> -----Original Message-----
> From: Begaya Wisnu [SMTP:[EMAIL PROTECTED]]
>
> Ini kan gara-gara kabinet-kompromi-antar-parpol yang
> sungguh mengherankan.
> Maka ya ada rada-rada malu kalau
> wakilnya dikeluarin dari squad. Coba sepenuhnya ini
> hak prerogatif presiden bener-bener, kan ngak membuat
> malu ati ?
>
Mundur dikit.
Sebenarnya siapa sih yang paling bertanggung jawab menjadikannya bukan
sepenuhnya hak prerogatif presiden? Kira2x kalau GD dulu saklek bikin
kabinet sendiri gimana? mungkin lebih baik. Yah, orang lain ngrecokin atau
nggak puas ya biarin aja. Dari pada kaya' sekarang, dulu kerjasama -
sekarang nggak.
Salah orang ngrecokin hak prerogatif presiden. Tapi presiden mengajak pihak
lain untuk memutuskan bersama2x hal yang mejadi hak prerogatifnya rasanya
juga nggak bener. Minta pertimbangan atau masukan mungkin ok. Tapi kalau
sampai sampai pada garansi, ya seperti yang anda bilang, jadi malu ati. Atau
para pemberi garansi yang maksa memberi garansi padahal nggak diminta?
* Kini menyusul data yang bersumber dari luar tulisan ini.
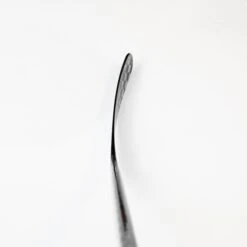 TRUE Catalyst 9X Pro Stock Senior Hockey Stick - Carl Hagelin -The Hockey Shop true hockey sticks true catalyst 9x pro stock senior hockey stick carl hagelin ops75b l 90 29925960581186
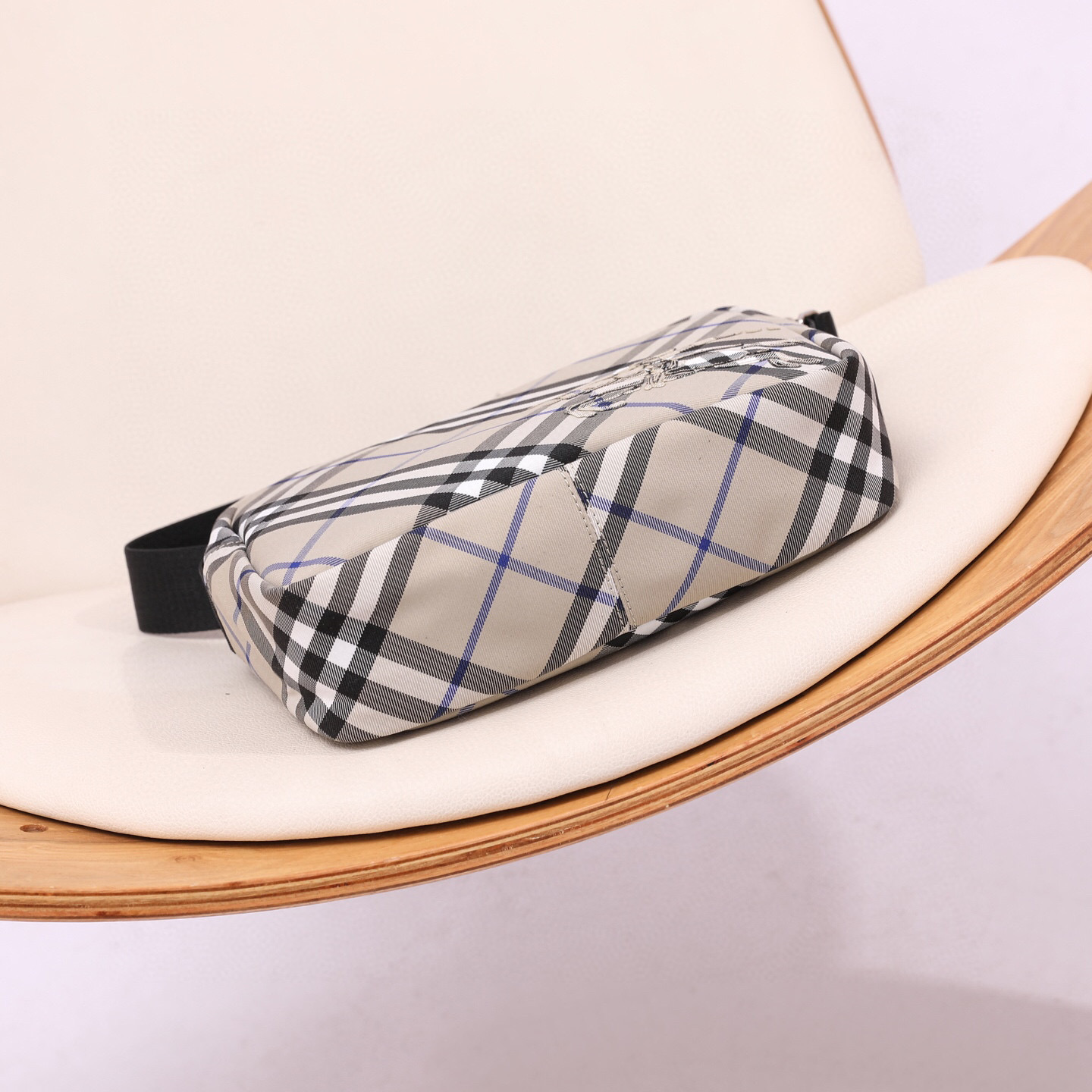 i1744688244591 9643 0 8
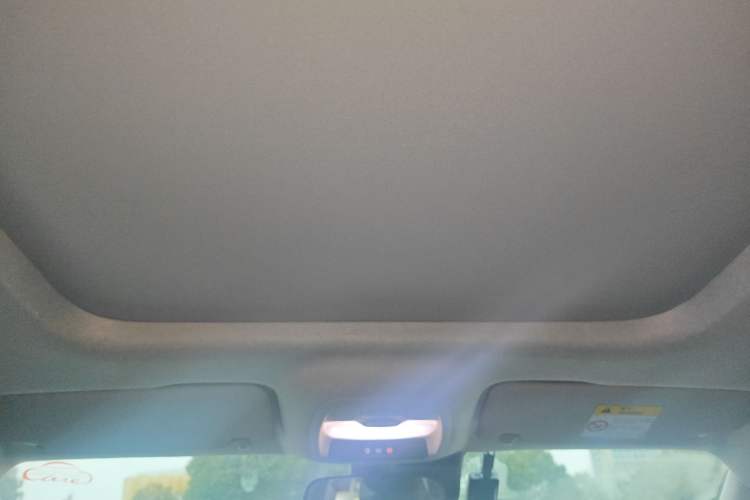 Used Chevrolet Trax 2022 Encore RS 1.5T CVT CoolPro
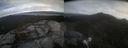 ./images/calvert/buxton2/20240130/buxton220240130_135001M.jpg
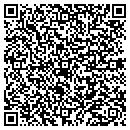 QR code with P J's Barber Shop contacts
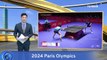 Taiwan's Men's and Women's Table Tennis Teams Qualify for Paris Olympics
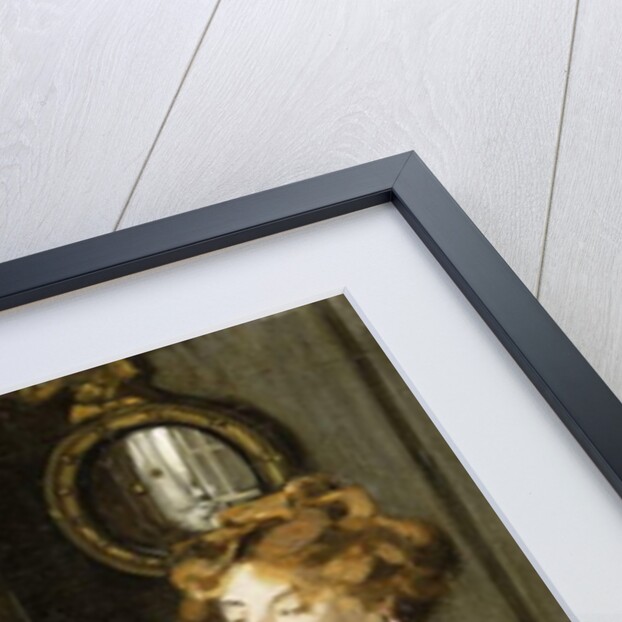 The Picture Book, 1911 by Hilda Fearon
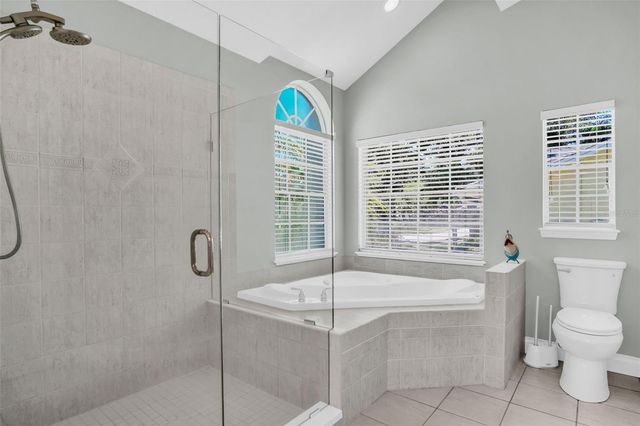 2654 CRYSTAL CIRCLE, Dunedin, FL 34698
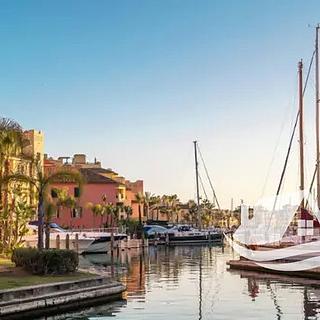 Prodej bytu 3+kk, 130m²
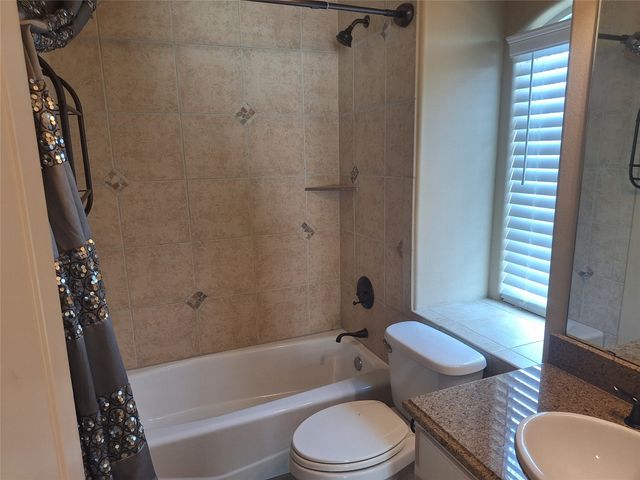 3416 Westminster Avenue 1, University Park, TX 75205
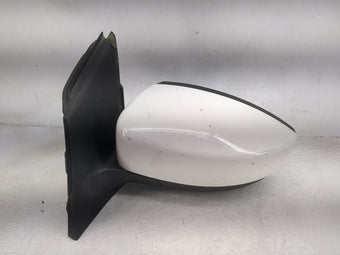 compare product 2013-2016 Ford Escape Driver Side View Mirror - Left Door Mirror OEM Used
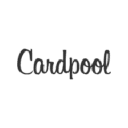 cardpool.com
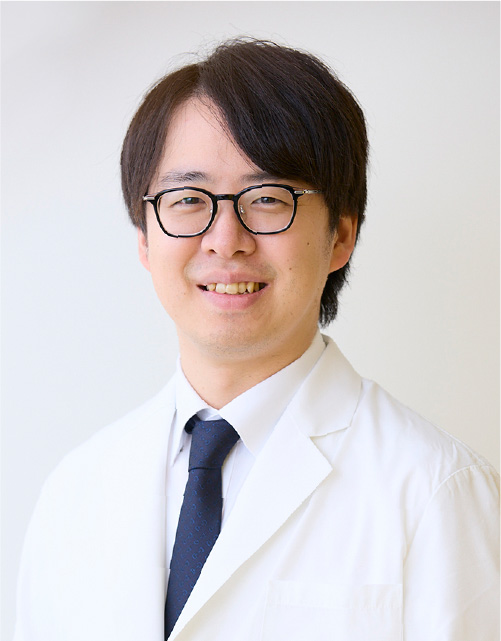 増永 哲平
Lucu, menteri kan pembantu presiden. Masa mengganti pembantu sendiri semua
orang jadi ribut.
Bayu
- Kirim bunga untuk handaitaulan & relasi di jakarta www.indokado.com
Untuk bergabung atau keluar dari Milis, silakan LAKUKAN SENDIRI
Bergabung: [EMAIL PROTECTED]
Keluar: [EMAIL PROTECTED]
Sambut MASA DEPAN BARU Indonesia!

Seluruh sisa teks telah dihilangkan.